Collected data entries:
---*---
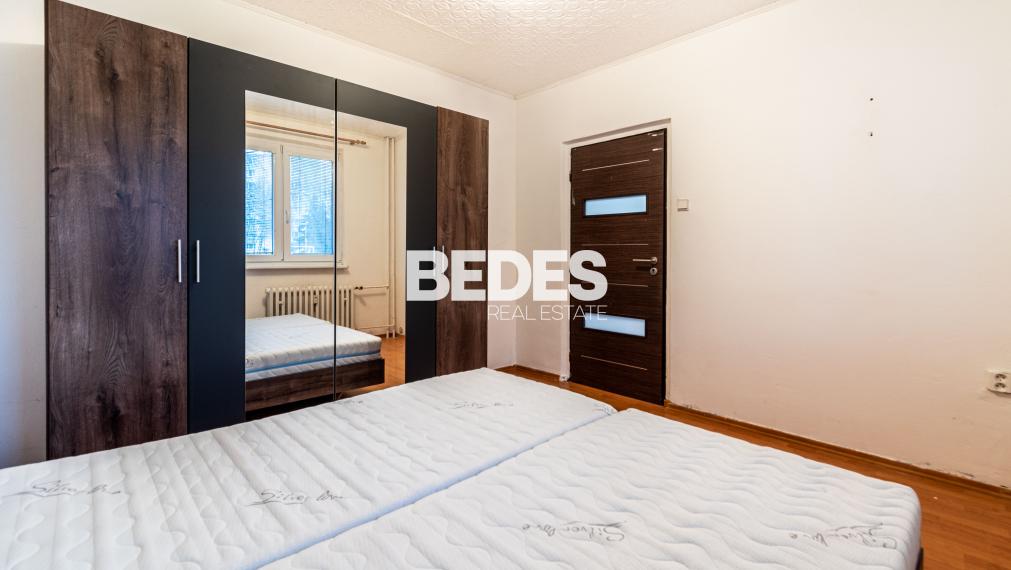 BEDES | Prízemný 2 izbový byt po čiastočnej rekonštrukcii v širšom centre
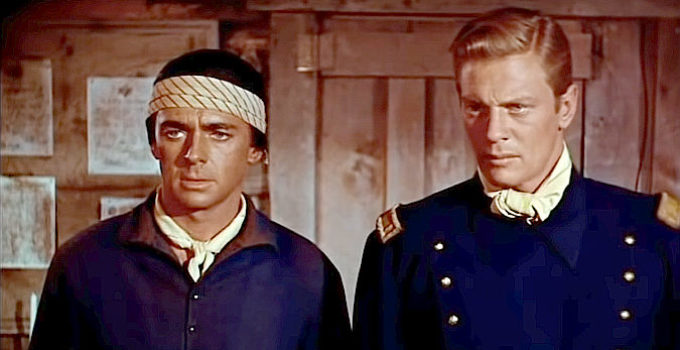 John Hudson as Sgt. Jonas and Peter Graves as Lt. Ben Keegan in Fort Yuma (1955)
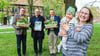 Marie-Therese Schierz und Sohn Moritz erhalten gemeinsam mit Jens Kühn (Mitte) ihre Baumpatenschaftsurkunde.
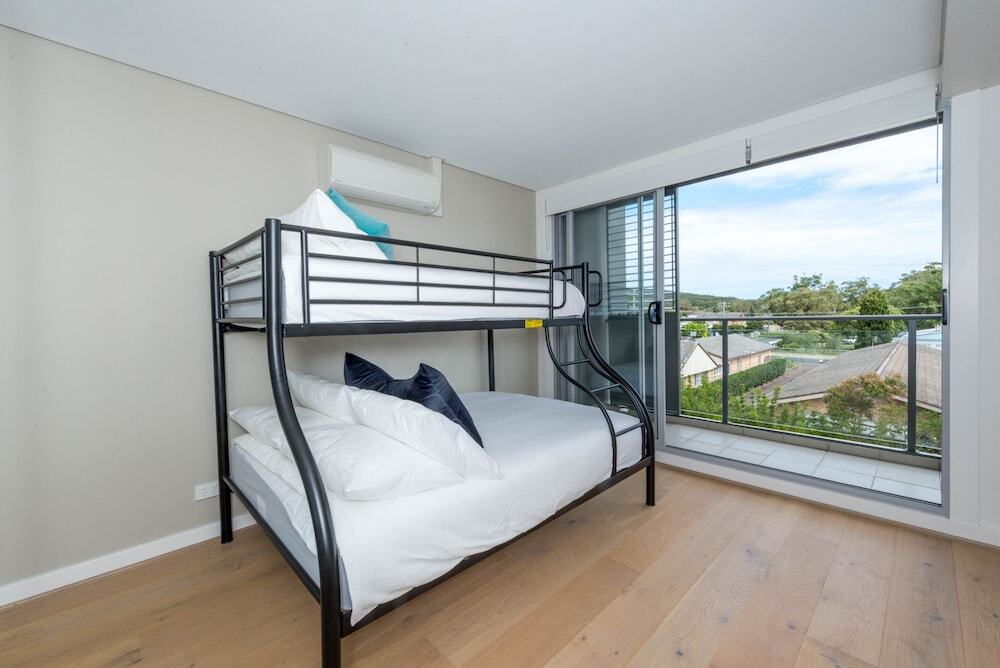 The Shoal 303 Air Conditioning WI FI Netflix Views Linen and Lift — 4-Star Luxury Hotel in Shoal Bay, Australia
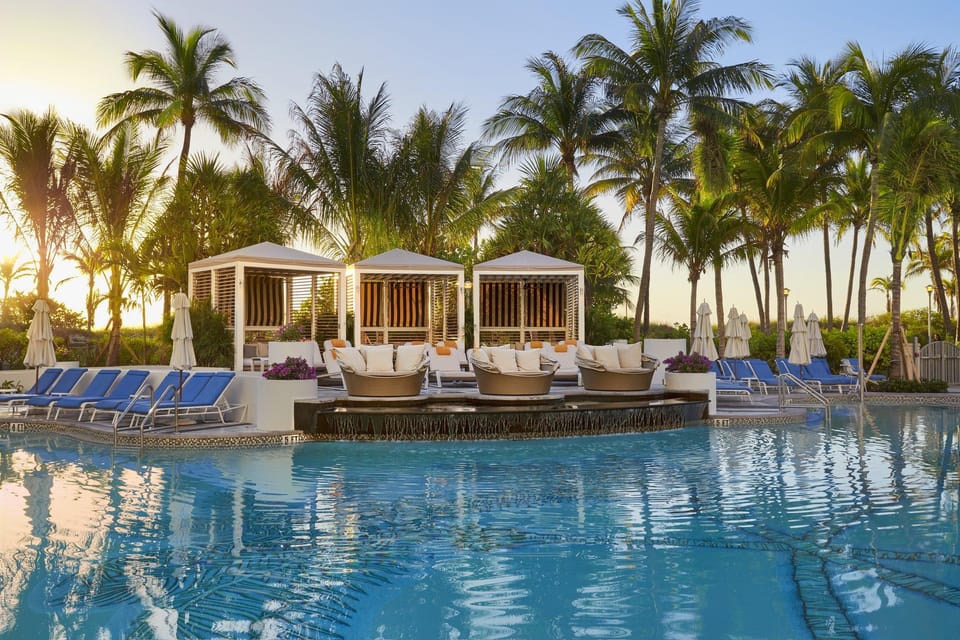 Swimming pool [outdoor]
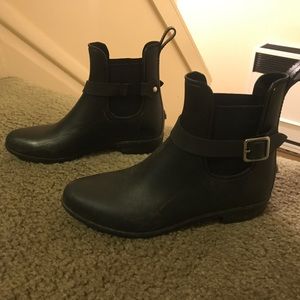 Black ankle rain boots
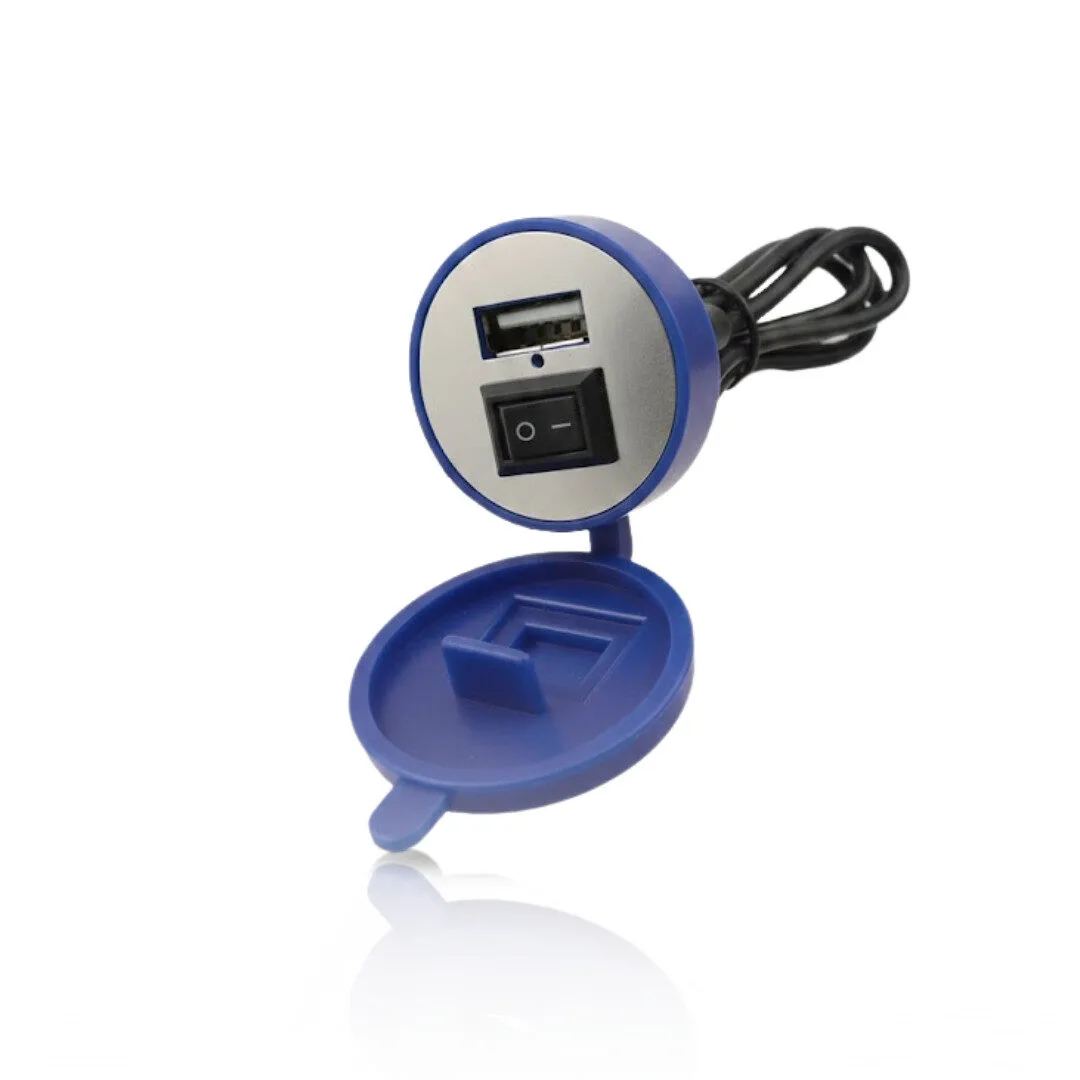 Cargador USB Universal Serie Sport + Seguridad con Interruptor LED / Color negro, azul y rojo - Imagen 6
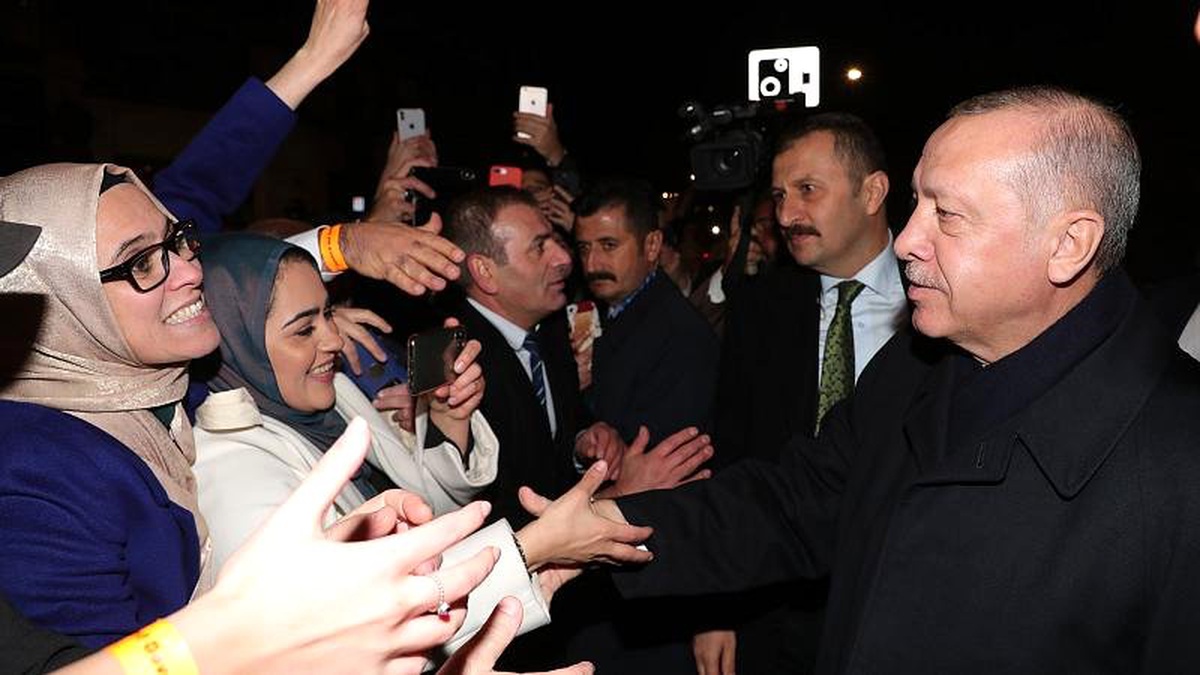 Erdoğan: Saygın ülkelerin saygısız liderleri \'İslami terör\' ifadesini kullanıyor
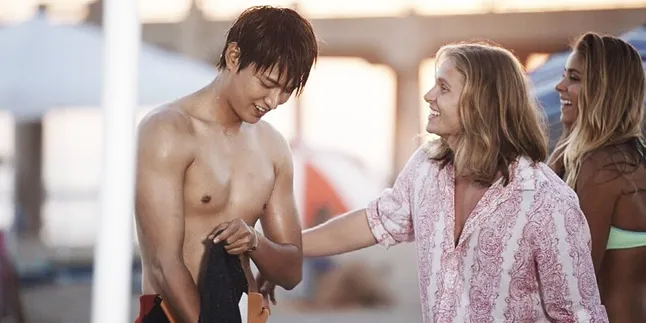 Fans Kecewa Lee Min Ho Gagal Pamerkan Abs Seksi di 'GANGNAM 1970'
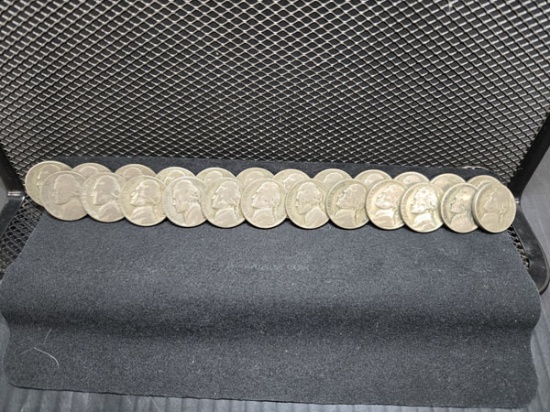 (24) USA WAR TIME JEFFERSON NICKELS 1942-1943 - NO MINT MARKS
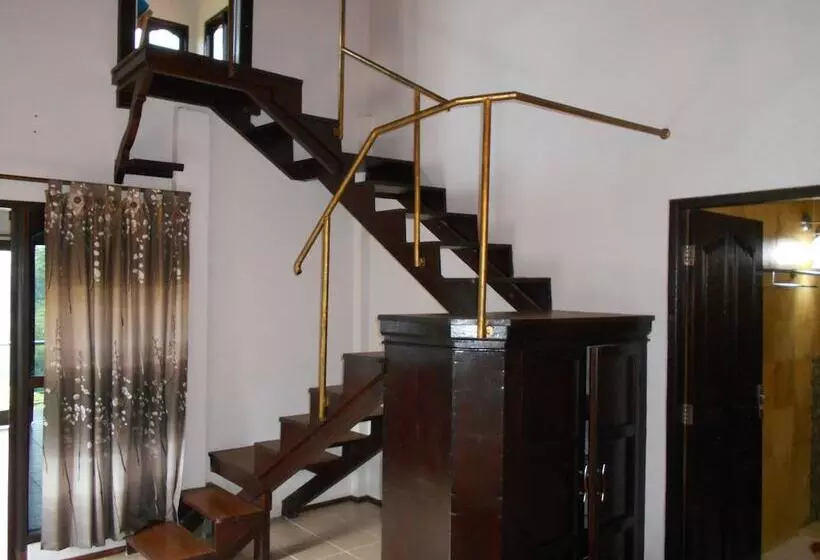 Shangrilah Villas
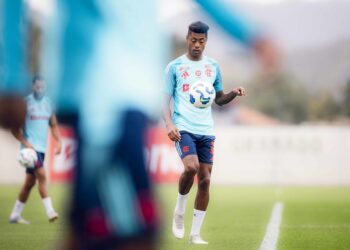 Flamengo pede efeito suspensivo para Bruno Henrique após punição de 12 jogos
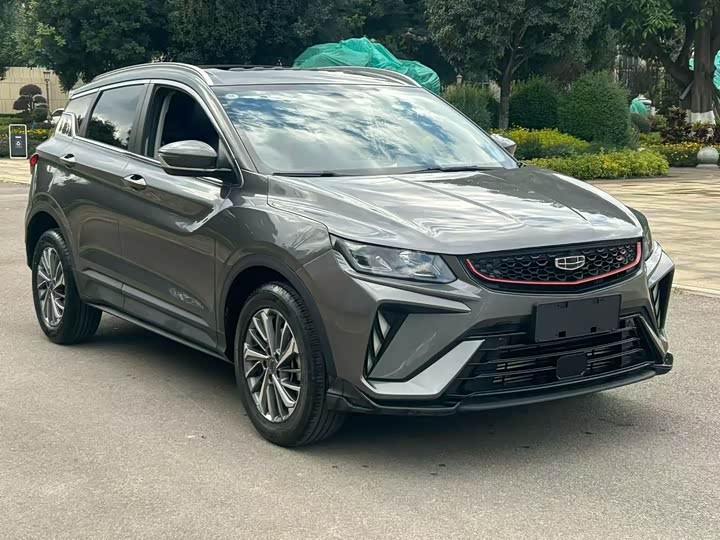 Фото 3 - Geely Coolray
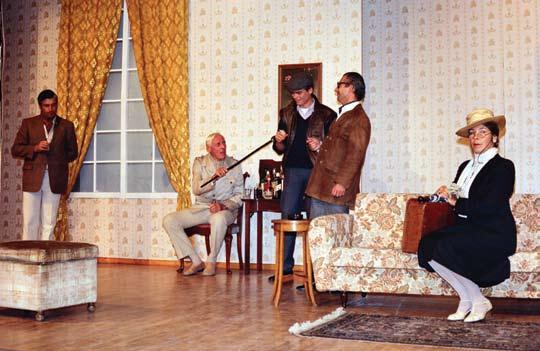1986 ZEHN KLEINE NEGERLEIN AGATHA CHRISTIE REGIE : Stelios Papapetrou BÜHNENBILD : Janet Papapetrou REQUISITEN : Christina Spandidaki, Konstantina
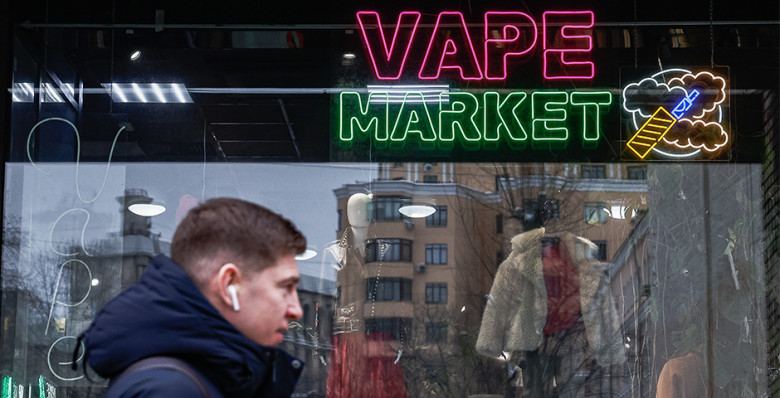 РБК: запрет вейпов в регионах могут разрешить с сентября 2026 года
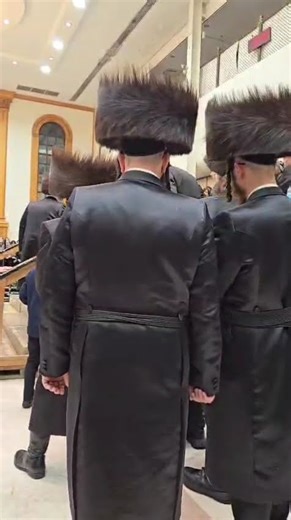 Skver Rebbe Going up to bless the Bride at his greatgrandchild's wedding
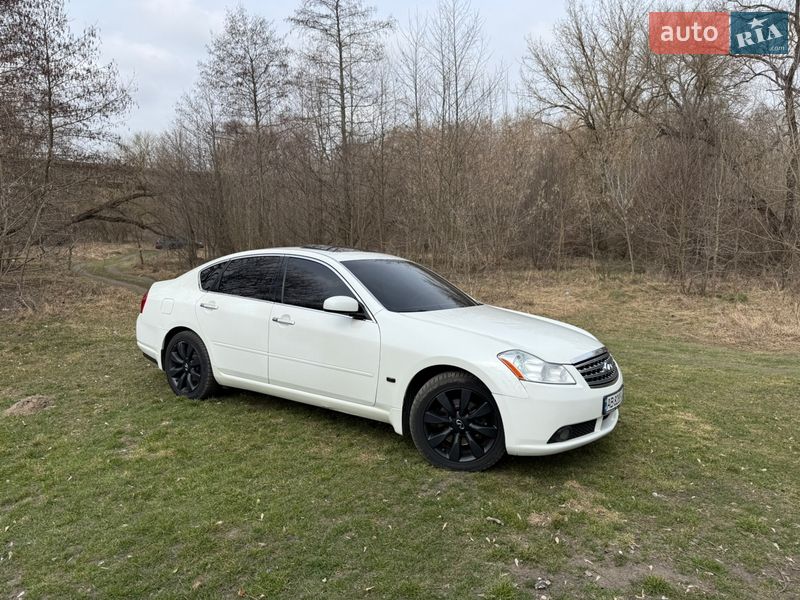 Infiniti M35 2007
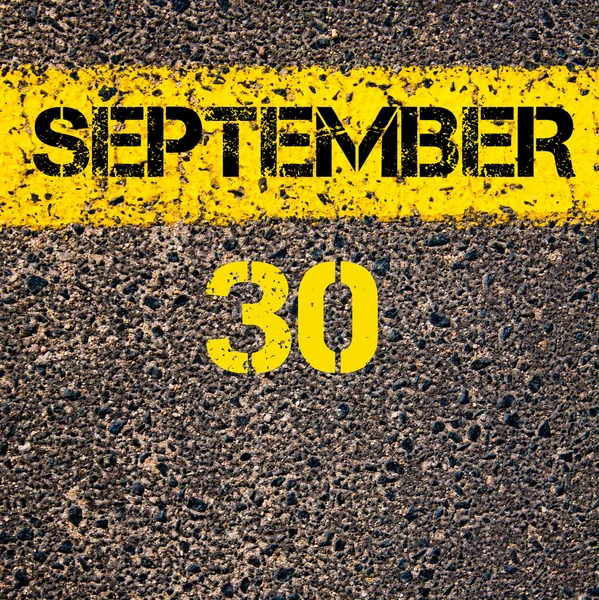 30 September-dag van de kalender over weg markering gele verf lijn — Stockfoto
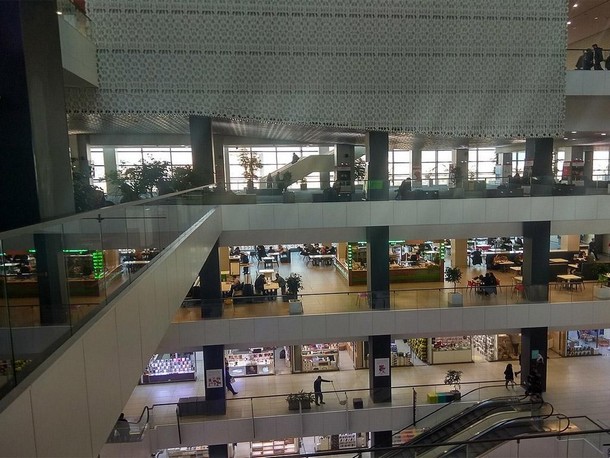 در مرکز خرید چارسو فروشگاه‌ها شرایط اقساطی برای گوشی دارند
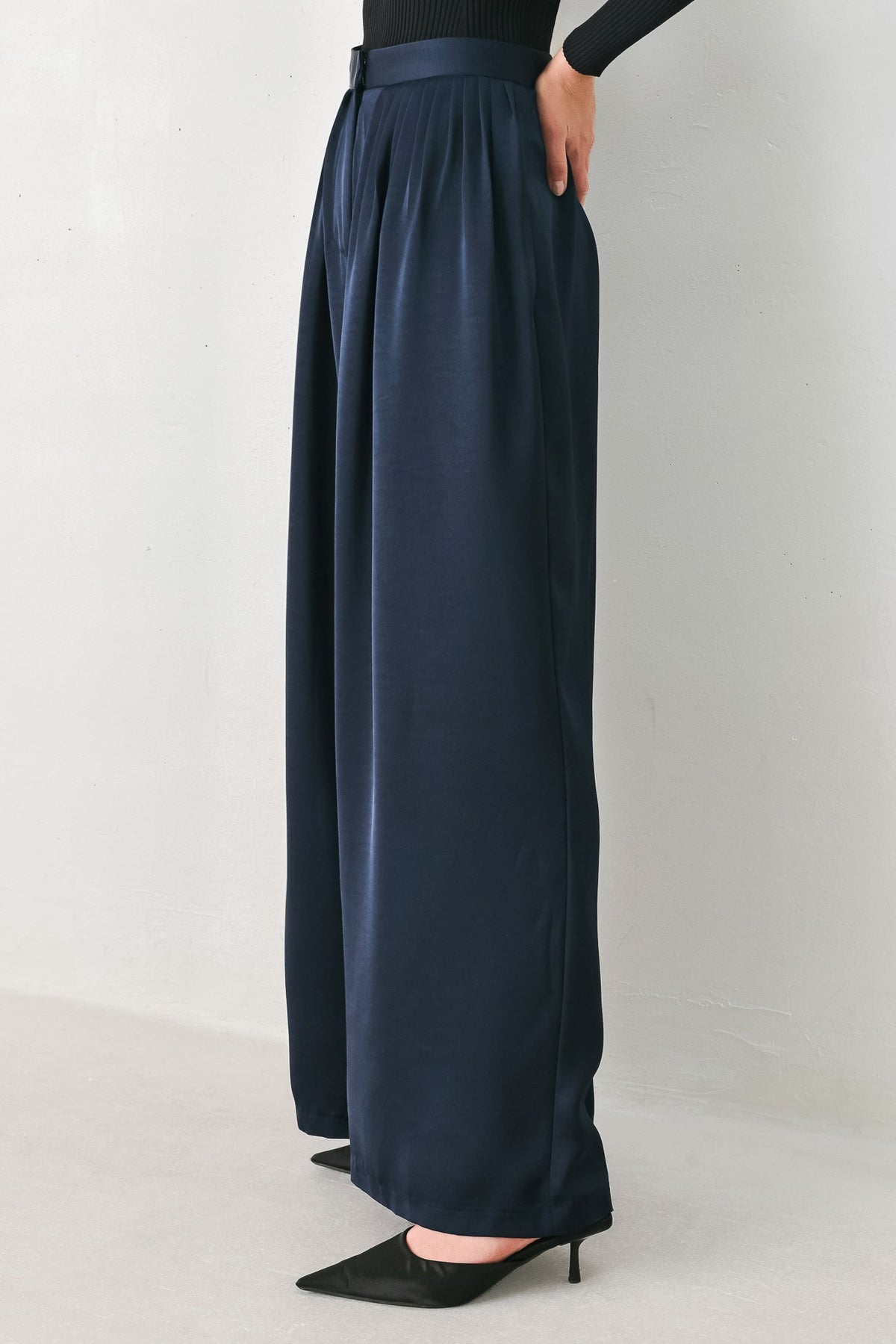 NAVY KNOT NAVY PLEATED WIDE-LEG PANTS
---*---
■ Exercise
Within the entries above, the lines from the one with "Shangrilah Villas" through the final line are to be printed exactly, with the pictures removed.

■ Expected answer
 Shangrilah Villas
 Flamengo pede efeito suspensivo para Bruno Henrique após punição de 12 jogos
 Фото 3 - Geely Coolray
1986 ZEHN KLEINE NEGERLEIN AGATHA CHRISTIE REGIE : Stelios Papapetrou BÜHNENBILD : Janet Papapetrou REQUISITEN : Christina Spandidaki, Konstantina
 РБК: запрет вейпов в регионах могут разрешить с сентября 2026 года
 Skver Rebbe Going up to bless the Bride at his greatgrandchild's wedding
 Infiniti M35 2007
 30 September-dag van de kalender over weg markering gele verf lijn — Stockfoto
 در مرکز خرید چارسو فروشگاه‌ها شرایط اقساطی برای گوشی دارند
 NAVY KNOT NAVY PLEATED WIDE-LEG PANTS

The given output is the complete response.